TASK GOAL:
Output each record exactly, excluding pictures.

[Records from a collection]

◆ ◆ ◆ ◆

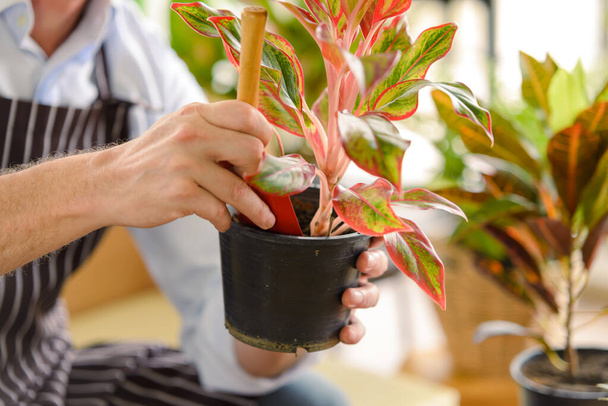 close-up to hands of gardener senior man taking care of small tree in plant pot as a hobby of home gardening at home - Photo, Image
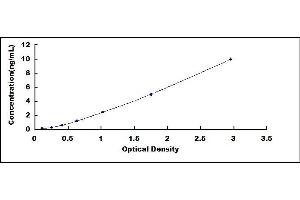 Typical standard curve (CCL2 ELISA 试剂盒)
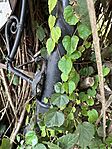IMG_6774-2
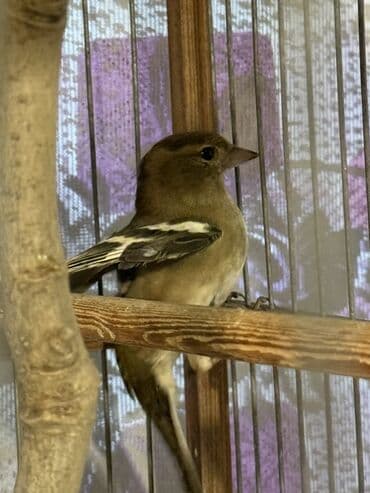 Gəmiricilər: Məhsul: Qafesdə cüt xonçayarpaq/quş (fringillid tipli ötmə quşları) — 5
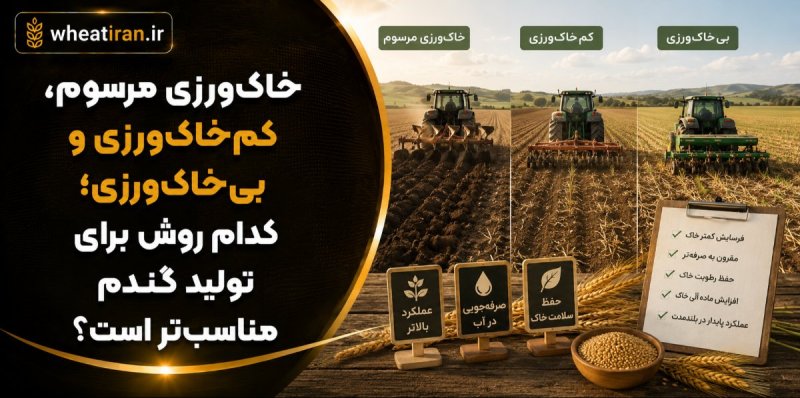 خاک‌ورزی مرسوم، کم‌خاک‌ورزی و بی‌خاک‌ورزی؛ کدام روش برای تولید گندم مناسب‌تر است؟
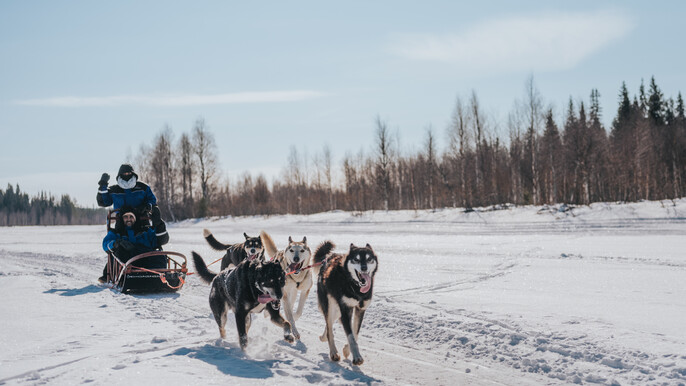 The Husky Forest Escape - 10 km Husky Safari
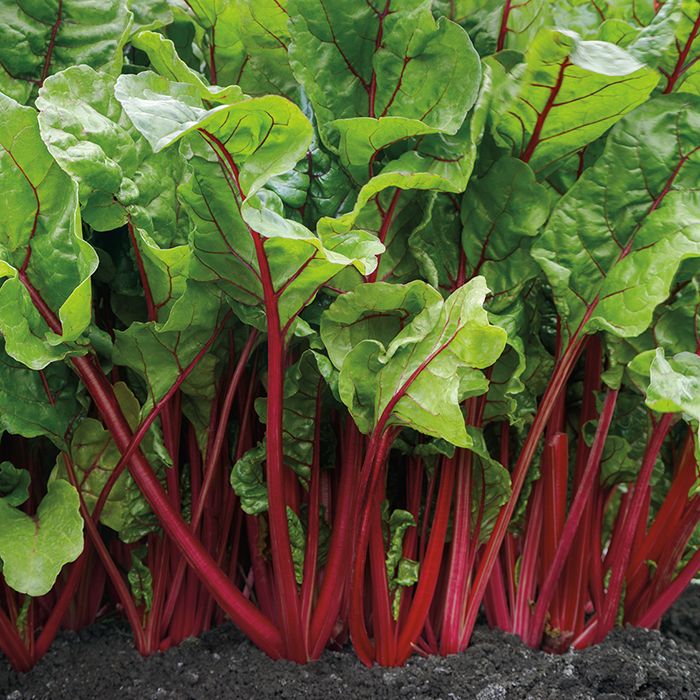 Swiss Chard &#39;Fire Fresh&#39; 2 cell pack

◆ ◆ ◆ ◆

ANSWER TO THIS TASK:
 close-up to hands of gardener senior man taking care of small tree in plant pot as a hobby of home gardening at home - Photo, Image
 Typical standard curve (CCL2 ELISA 试剂盒)
IMG_6774-2
 Gəmiricilər: Məhsul: Qafesdə cüt xonçayarpaq/quş (fringillid tipli ötmə quşları) — 5
 خاک‌ورزی مرسوم، کم‌خاک‌ورزی و بی‌خاک‌ورزی؛ کدام روش برای تولید گندم مناسب‌تر است؟
 The Husky Forest Escape - 10 km Husky Safari
 Swiss Chard &#39;Fire Fresh&#39; 2 cell pack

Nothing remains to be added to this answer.